A lanciare l’allarme su questa situazione caotica sono gli installatori di impianti di Confartigianato. Agli imprenditori, infatti, la legge del 2013 impone compiti fondamentali: ispezionare la caldaia, rilasciare il cosiddetto bollino, compilare e inviare all’ente locale competente un rapporto di efficienza. Questo documento, inserito nel catasto, segnala se una caldaia è stata controllata e permette di intervenire in modo mirato.
Luca Falco, Presidente dei Bruciatoristi di Confartigianato, spiega le difficoltà degli installatori. “Alcune regioni hanno adottato il libretto nazionale, altre hanno aggiunto dati. Quindi, se per caso un artigiano si trova ad operare tra Veneto e Lombardia, rischia di avere moduli e libretti diversi. Mi chiedo: perché le regioni aggiungono sempre qualcosa, visto che ogni aggiunta rappresenta un costo?”
I Bruciatoristi di Confartigianato non sono rimasti a guardare e si sono mossi nei confronti degli Enti locali. “La nostra Associazione di categoria – aggiunge il Presidente Falco – sta monitorando la situazione, attraverso tutte le associazioni provinciali e regionali, con l’obiettivo di arrivare a ristabilire una certa uniformità. A volte basta solo un po’ di confronto e di umiltà. Dove questo accade, come in Liguria, Lombardia, altre Regioni virtuose, ci si incontra e si riesce a mediare.
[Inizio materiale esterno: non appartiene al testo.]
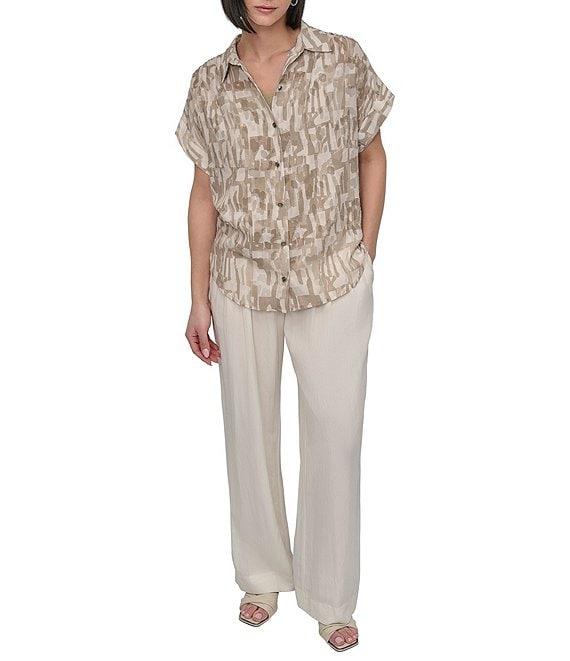 DKNY by Donna Karan Burnout Short Sleeve Button Front Shirt Product Image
Pensiamo ad esempio, all’operazione fatta in Lombardia, con i Curit, una sorta di uffici intermedi tra l’artigiano e l’ente pubblico. In questo caso, l’artigiano non ancora strutturato ha utilizzato l’associazione di categoria per la registrazione dei dati informatici sul catasto. Questo è il compito che noi associazioni di categoria dobbiamo svolgere per tutelare i diritti degli operatori associati”.